__DESCRIPTION OF THE TASK__.
Pictures stay out; please output the remaining data exactly.

__THE DATA__.
* * *
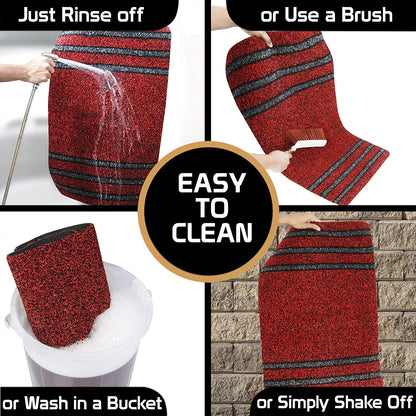 48 X 78 Cm Doormats For Entrance Rectangular Big Size (Red, Polypropylene, Standard)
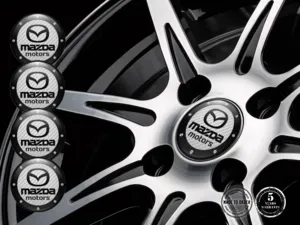 Mazda Radplaketten Marke Harz-Dome-Edition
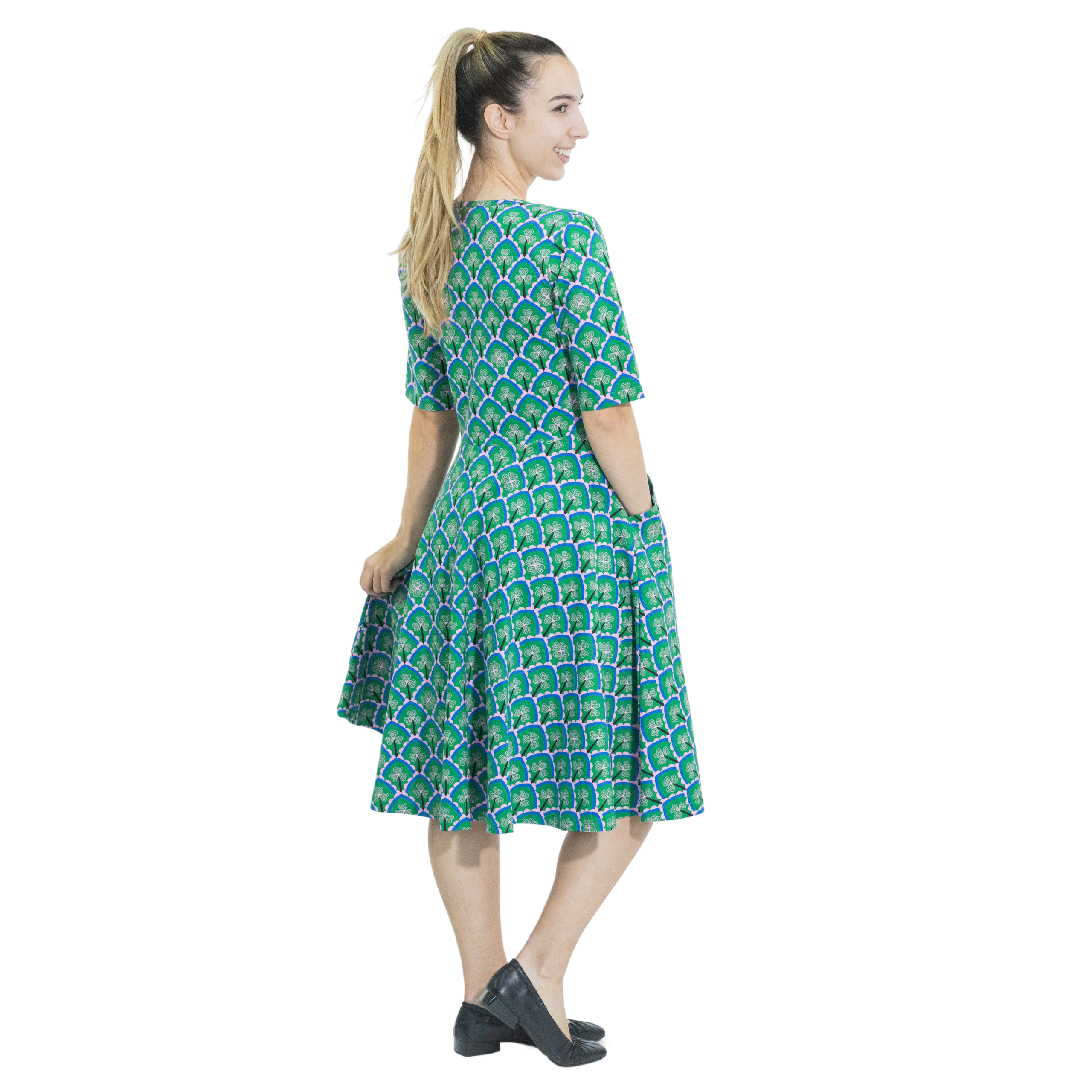 Celtic Clover Twirl Dress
* * *
__TASK RESULT__.
 48 X 78 Cm Doormats For Entrance Rectangular Big Size (Red, Polypropylene, Standard)
 Mazda Radplaketten Marke Harz-Dome-Edition
 Celtic Clover Twirl Dress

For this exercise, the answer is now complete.